Source data:
"""

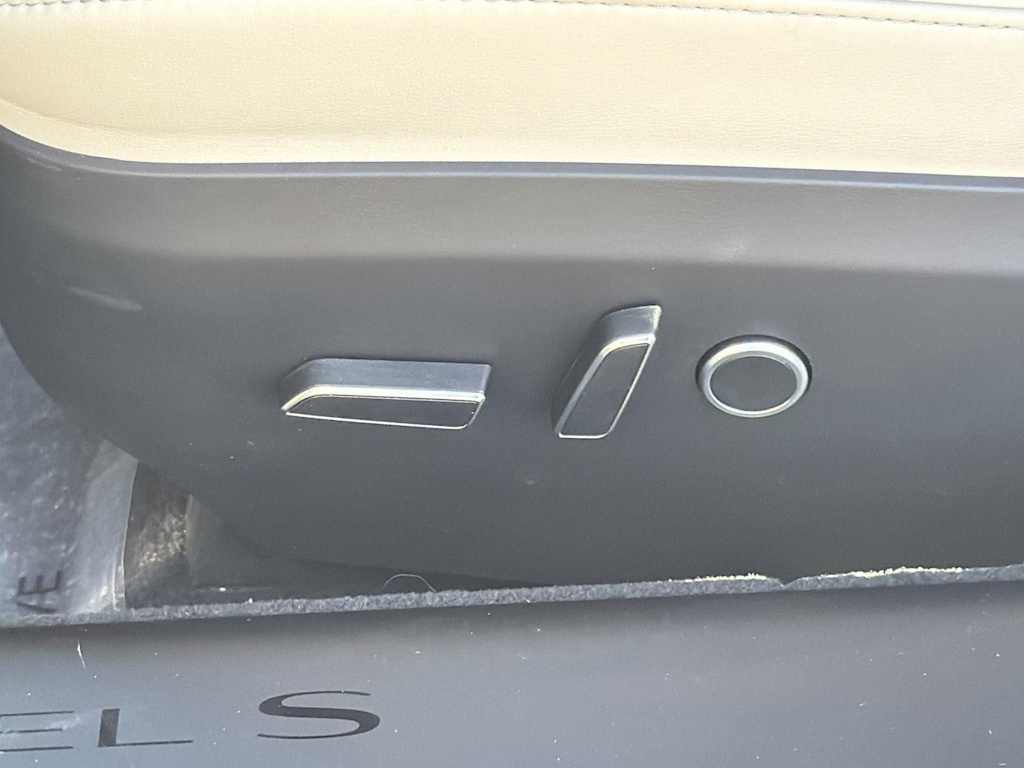 Thumbnail: 2023 Tesla Model S - 31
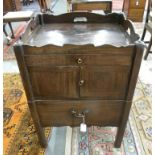 A GEORGE IV MAHOGANY TRAY TOP COMMODE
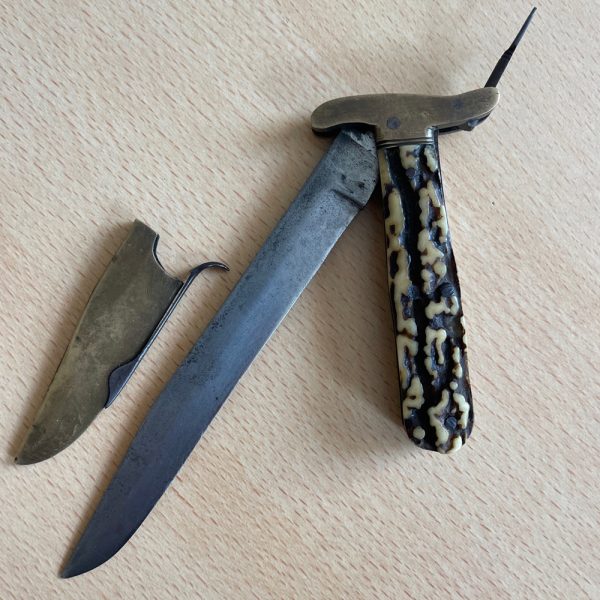 Stag Folding Bowie Knife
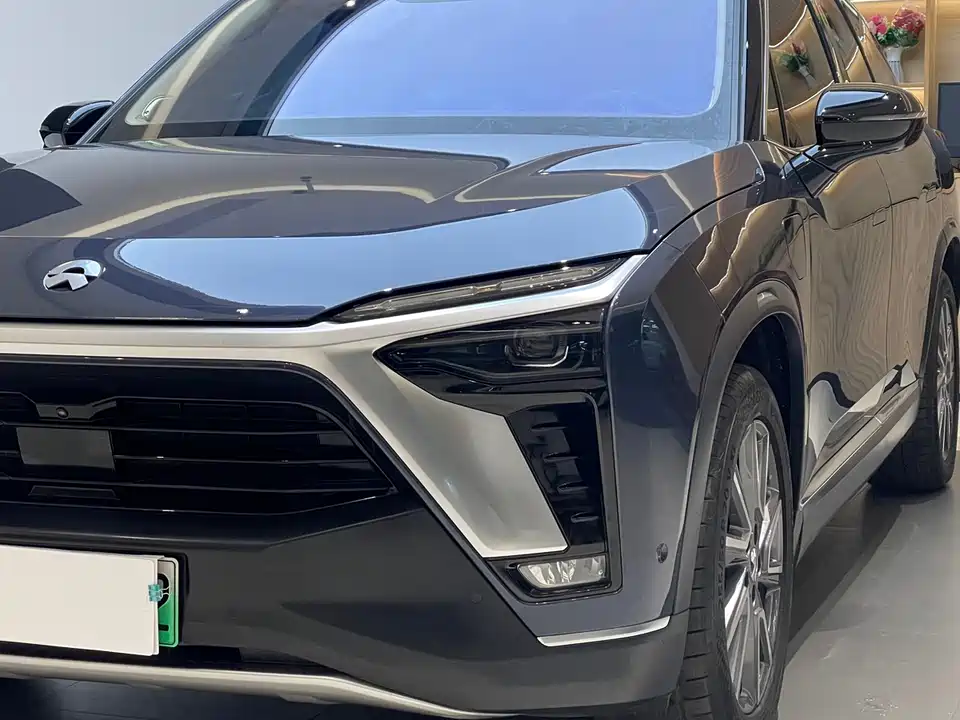 NIO ES8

"""

Output all the material above exactly once more, leaving every picture out.

 Thumbnail: 2023 Tesla Model S - 31
 A GEORGE IV MAHOGANY TRAY TOP COMMODE
 Stag Folding Bowie Knife
 NIO ES8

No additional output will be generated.